» **Your objective**:
For the records below, output word for word the lines from the one with "Modern living room" up to and including the one with "Una persona observa". No pictures.

» **Recorded data**:
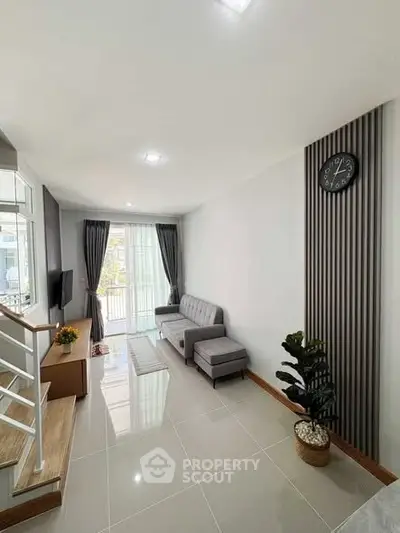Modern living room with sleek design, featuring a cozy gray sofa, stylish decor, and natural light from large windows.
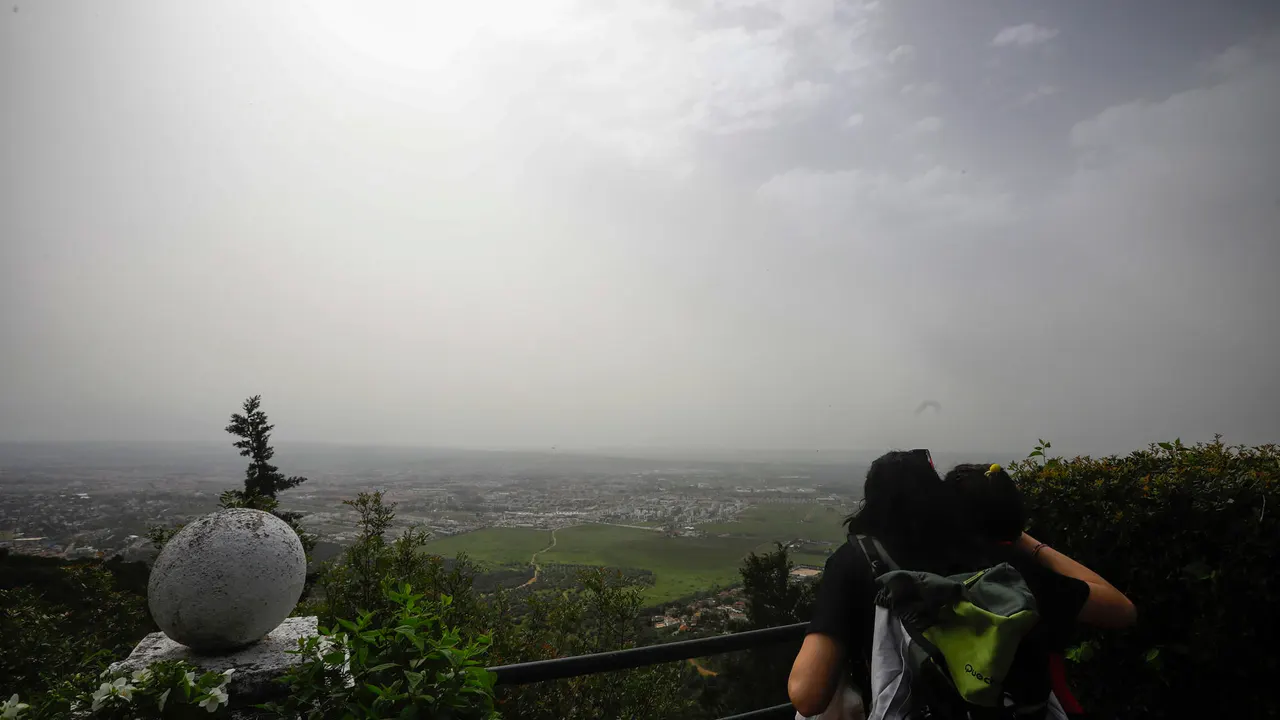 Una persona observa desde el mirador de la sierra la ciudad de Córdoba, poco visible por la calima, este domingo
==
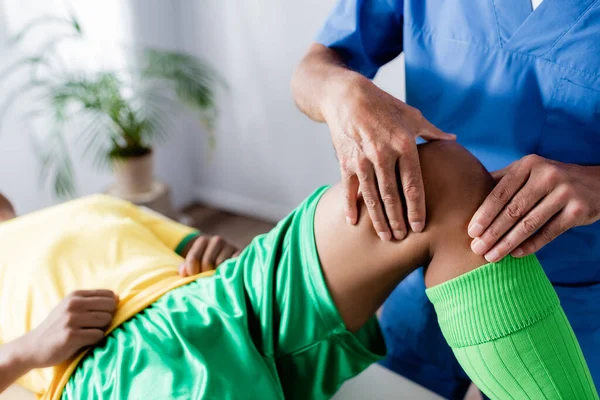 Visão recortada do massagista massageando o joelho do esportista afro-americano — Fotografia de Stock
==
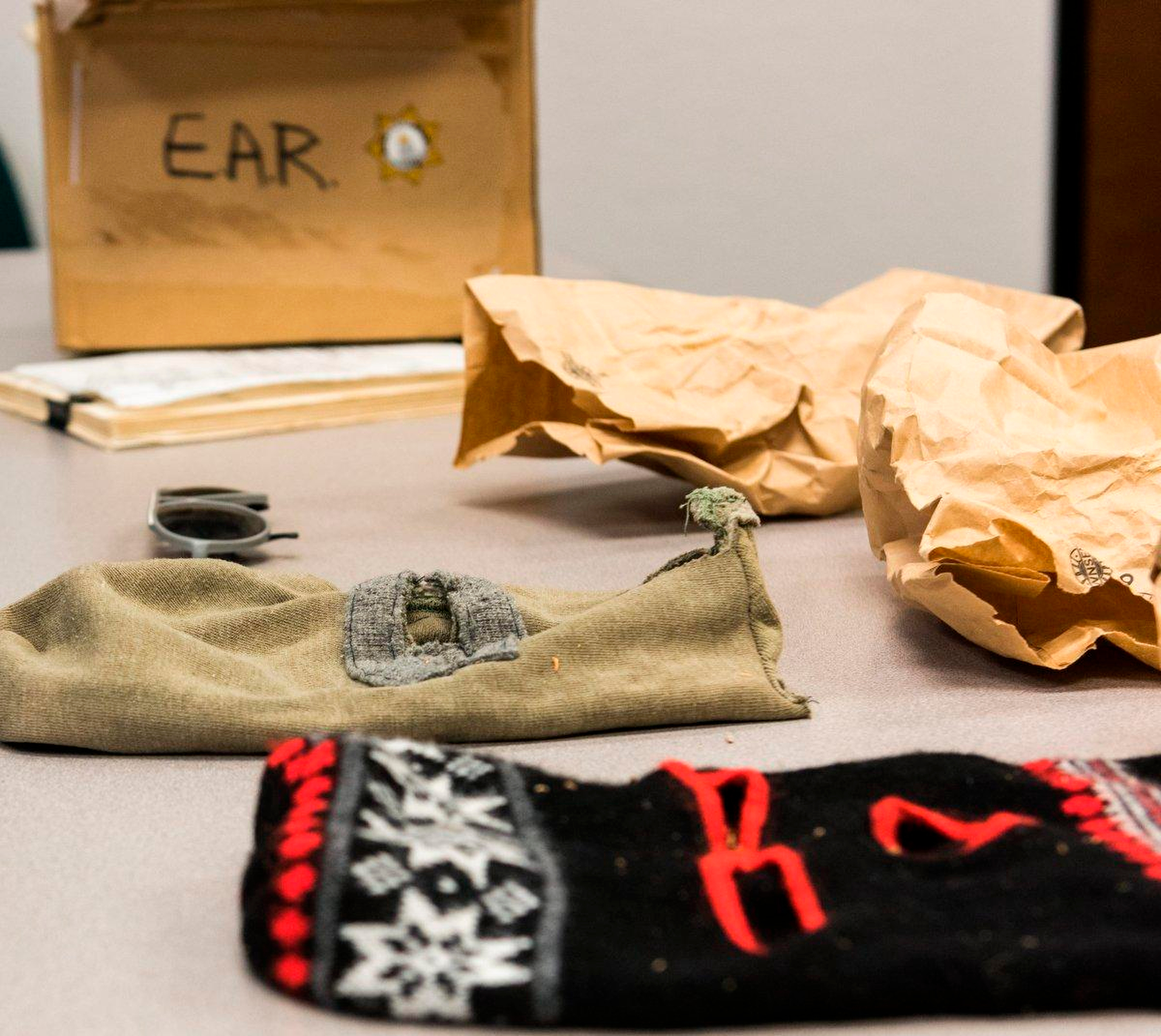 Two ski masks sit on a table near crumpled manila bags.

» **Answer section**:
Modern living room with sleek design, featuring a cozy gray sofa, stylish decor, and natural light from large windows.
 Una persona observa desde el mirador de la sierra la ciudad de Córdoba, poco visible por la calima, este domingo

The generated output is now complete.